Notizia pubblicata il 07 settembre 2007



Categoria notizia : Cultura


Dante, una faccia da cinema. Il divin poeta fu padre nobile anche della 'commedia all'italiana'?. Dalla Commedia alla commedia. È solo una questione di maiuscole? Si apre a Ravenna « Dante09», seconda edizione del festival che con una serie di appuntamenti trasversali, e persino eccentrici, invita ad avvicinarsi all'intramontabile mondo del nostro maggiore poeta.

A RAVENNA
Stavolta nel nutrito programma che copre l'intera settimana dal 9 al 16 settembre, fra poesia,  arte e danza brilla per stravaganza la serata di mercoledì, intitolata «Facce da commedia». Protagonisti il giornalista televisivo Vincenzo Mollica e il comico Stefano Bicocchi, in arte Vito.

Tema la «commedia all'italiana», cioè quel cinema che più di ogni altro ha segnato il nostro immaginario. Data l'evidente allusione a nobili origini ne parliamo con Davide Rondoni, direttore artistico di «Dante09» (e perciò responsabile anche di questa scelta) oltre che poeta e direttore del Centro di poesia contemporanea dell'università di Bologna.

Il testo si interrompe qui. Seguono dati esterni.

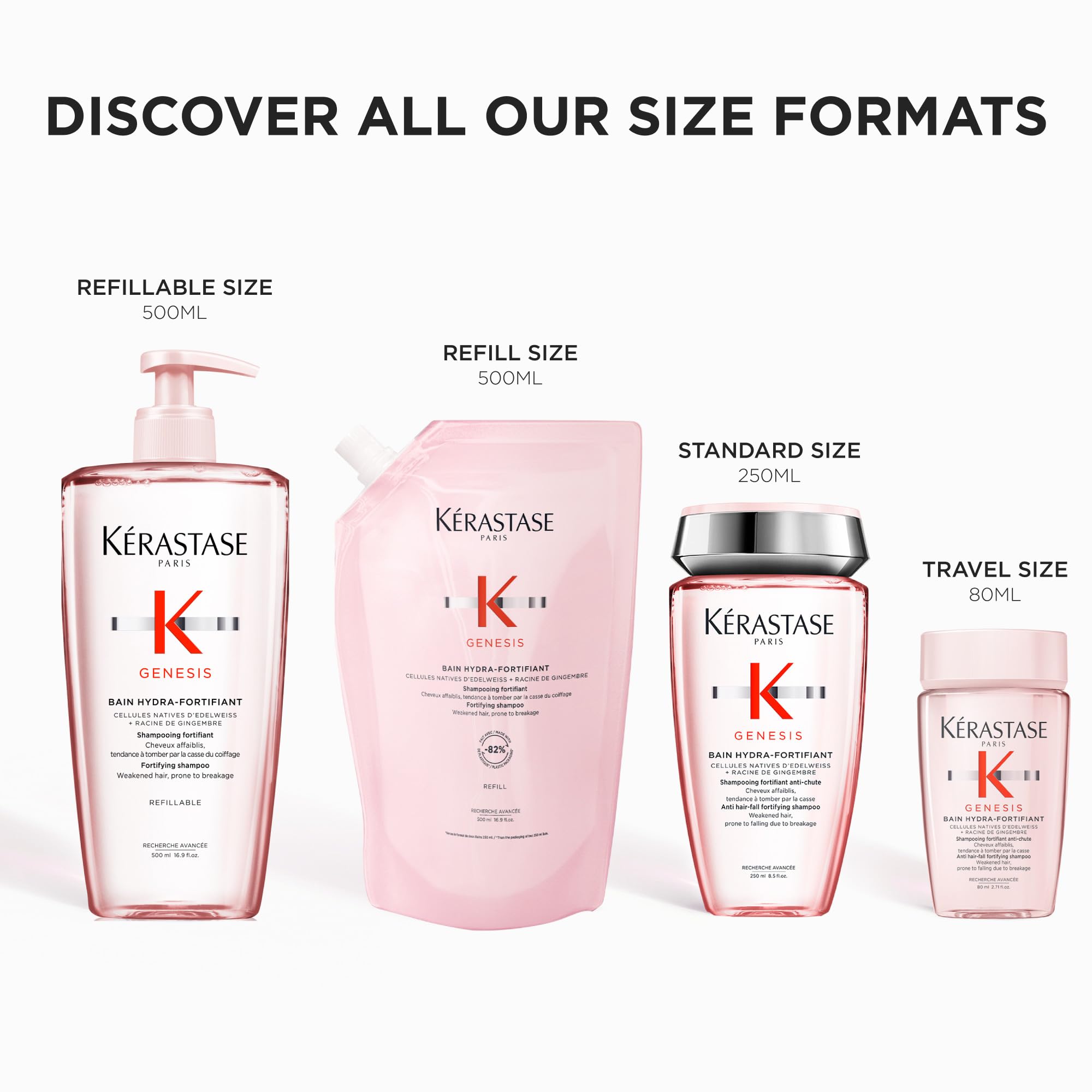 Kérastase Genesis Bain Hydra-Fortifiant Shampoo for Weak Hair, 500 mL 🍁 All In One Marketplace Canada
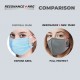 Resonance + NRG Mask Antiviral & Antibacterial Coating Technology Adult 3 Ply Medical Mask (Black)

Registi e scrittori di Cinecittà sono dunque figli della Divina Commedia?
«È un'ipotesi e anch'io sono curioso di scoprire che cosa accadrà. Però non dimentichiamo che la commedia non è stata inventata dal cinema degli anni Cinquanta. E lo spirito italiano risale indubbiamente fino a Dante».
Il comico Vito e il giornalista Mollica sembrano più facce da Decamerone che da Divina Commedia.
«E guarda caso Boccaccio è stato proprio il primo e più grande sponsor di Dante».
Insieme alle chiacchiere e alle gag della strana coppia quali prove è in grado di fornire?
«Segnalerò almeno una sorpresa per quella sera, una piccola perla. Una ventina di minuti di un film ormai quasi introvabile, Totò all'inferno».
I dantisti che cosa diranno?
«Questo non è tanto un festival di dantisti, ma piuttosto di tipi danteschi».
Com'è un tipo dantesco?
«Chiunque, attore, scienziato, poeta o altro, accetti la sfida dello sguardo di Dante per viaggiare come lui dentro il nostro mondo».
Lei è un dantista?
«No, anch'io sono un tipo dantesco. Di recente Roberto Benigni mi ha ringraziato perché nel suo spettacolo mette in scena anche il mio commento all'Inno alla Vergine».
Il suo Dante piace dunque più ai comici che ai dantisti?
«Senta: i dantisti stanno lì belli e soddisfatti nella loro accademia e non si allarmano se all'ultima maturità solo il cinque per cento degli studenti ha scelto il tema su Dante e San Francesco».
E «Dante09» in che modo può essere utile?
«La grande cultura offre sempre spunti per il presente. Basta coglierli. Per esempio i tre passi che abbiamo proposto per il concorso 'Pubblica Commedia' sui quali i cittadini possono esprimere i loro commenti».
Un verso in particolare: «non è il mondan romore altro ch'un fiato di vento...»
«Appunto, vallette, veline, sportivi, cantanti, politici, tutti sospinti da un vento in cerca di fama».
A tutti piace il successo.
«Il 'mondan romore' è il chiacchiericcio, la fama che si riduce al compiacimento. Poi c'è anche un uso della fama capace di introdurre a qualcosa di valido».
E a lei non piace il successo?
«Naturalmente preferisco che mi applaudano invece di tirarmi un gatto morto. Quanto al successo per un poeta non vuol dire niente, ne riparliamo fra trecento anni».
Quando ha scoperto la poesia?
«La prima l'ho scritta a otto anni».
In famiglia c'era forse qualche fonte di ispirazione?
«Il più vicino alla letteratura è stato mio padre che da bambino si racconta sia stato tenuto in braccio da Grazia Deledda nei suoi lunghi soggiorni a Cervia».
C'è un momento in cui uno, fra sé e sé, osa pensare: sono un poeta?
«C'è un momento in cui uno decide che la sua opera è quella. Poi c'è bisogno dei maestri dei loro giudizi e dei loro incoraggiamenti».
E lei li ha avuti?
«Caproni e poi Luzi e Testori che mi hanno giudicato e incoraggiato ai tempi del primo libro, La frontiera delle ginestre, quando avevo diciotto anni. E lì ho deciso di scommettere, di correre qualche rischio.
Per esempio?
«Non cercare una vera professione».
Dunque che mestiere fa? Il poeta?
«No, perché non si campa di poesia. Se fossimo nel Settecento potrei dire che faccio il letterato, oggi dico che campo di espedienti letterari».
Nel 2006 sperava che «Dante09» sarebbe arrivato al secondo anno?
«Da come ci siamo divertiti, noi e il pubblico, più che sperarlo lo sospettavo».